Stand der Mediation in Deutschland
In Deutschland hat in Umfragen eine Mehrheit der Menschheit großes Vertrauen in den Erfolg von Mediationen und zieht diese Form einem Gerichtsverfahren in der Regel vor. Aus Sicht der Wissenschaftlerin Dr. Kriegel-Schmidt von der BTU Cottbus stellt Mediation zudem das Ergebnis eines Wandels in unserer Kommunikationskultur dar bzw. führt Mediation diese Wandel mit herbei. „Mediation ist in all dem ein Modus, Druck aus Beziehungen herauszunehmen und Vielfalt fruchtbar zu machen“, erklärt Dr. Kriegel-Schmidt in einem aktuellen Interview. (Deutsche Stiftung Mediation, 21.10.2017)
In Deutschland sei das Thema Mediation in letzter Zeit von einer Vielzahl verschiedener Organisationen und Netzwerke nach vorne gebracht worden. „Mediation ist im Unterschied zu anderen Ländern eine echte Grasrootbewegung. Seit kurzem beginnt sich die Forschung auf vergleichbarer Basis zu konsolidieren. Internationale Kooperationen im Bereich Mediation finden unter Mitwirkung von Akteuren aus Deutschland statt.“ Und auch das Verständnis unter jungen Menschen scheint in Sachen Mediation weit verbreitet zu sein. Die Dozentin erzählt dazu aus ihrer Erfahrung, „dass mindestens 60 % jedes Jahrgangs von Mediation in irgendeinem Zusammenhang schon einmal gehört hat.

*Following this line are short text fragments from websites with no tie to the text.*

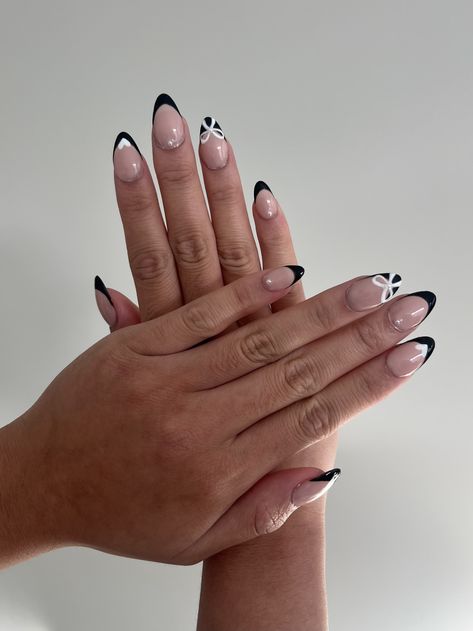 Black Frenchies, Nails Black And White, Bow Nails, Nails Black, White Bow, Black Nails, White And Black, Black And White, Nails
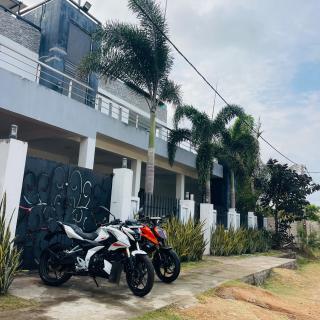 MODERN-LUXURY Private Oasis in Mannar - 5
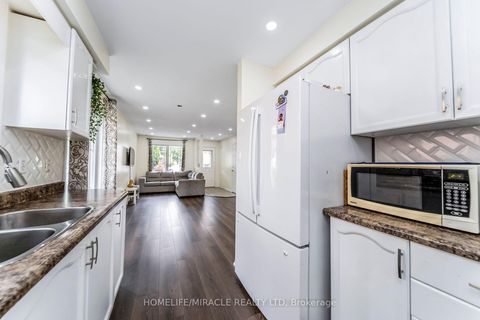 Photo 13 at 27 - 165 Tapscott Road N, Malvern, Toronto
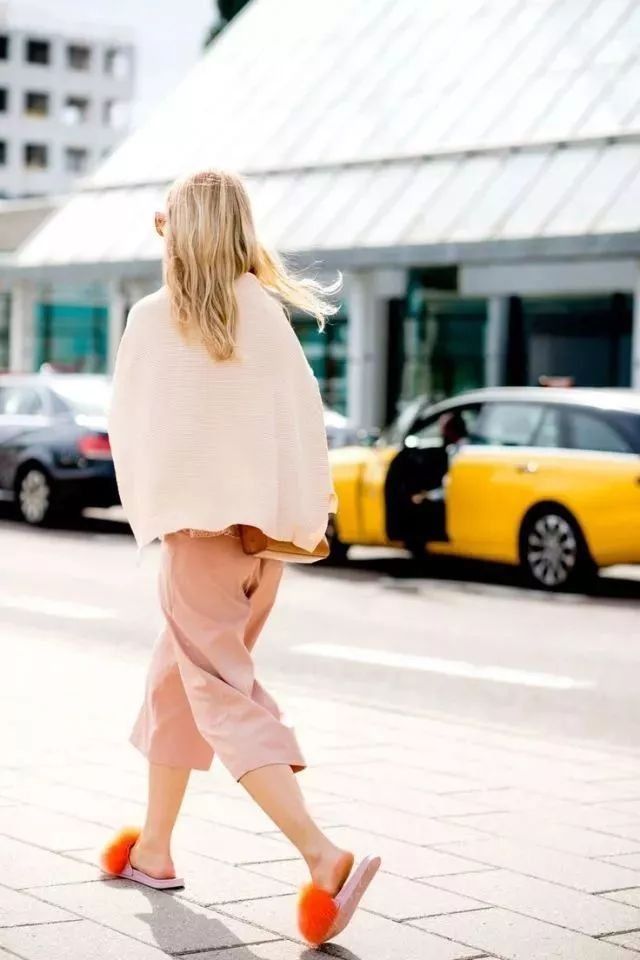 舒适、时尚、显腿长!这个夏天,时髦界都在pick澡堂拖!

In einigen Fächern scheint es bei Studienanfängern sogar fast niemanden mehr zu geben, der von Mediation nicht schon einmal irgendwie in seiner Schulzeit gehört hat oder durch Mediation zumindest tangiert war, wie zum Beispiel durch Schülermediation. Sie sehen, es kommt also langsam Bewegung ins Spiel.“ (ebd.)
Mediation ist übliche Leistung der Rechtsschutzversicherung
Im Bereich der privaten Rechtsschutzversicherung hat es sich etabliert, dass den Versicherungsnehmern die Möglichkeit einer Mediation angeboten wird. Das ist für alle Beteiligten – den Versicherer eingeschlossen – eine attraktive Alternative zu möglicherweise kostspieligen Gerichtsverfahren. Unter den jüngsten Testsiegern (Rechtsschutzversicherung Test) weisen einige Versicherer besonders prominent auf ihren Mediation-Service hin.
So gehört die Mediation als „intelligente Konfliktlösung“ zu den wichtigen Serviceleistungen der KS/Auxilia. Bei der ARAG und der ROLAND enthält jede Tarifvariante der Rechtsschutzversicherung die Mediation. Die ERGO, deren Rechtsschutzversicherung ebenfalls über den Testsieger D.A.S. vertrieben wird, weist direkt auf den Service der Mediation hin.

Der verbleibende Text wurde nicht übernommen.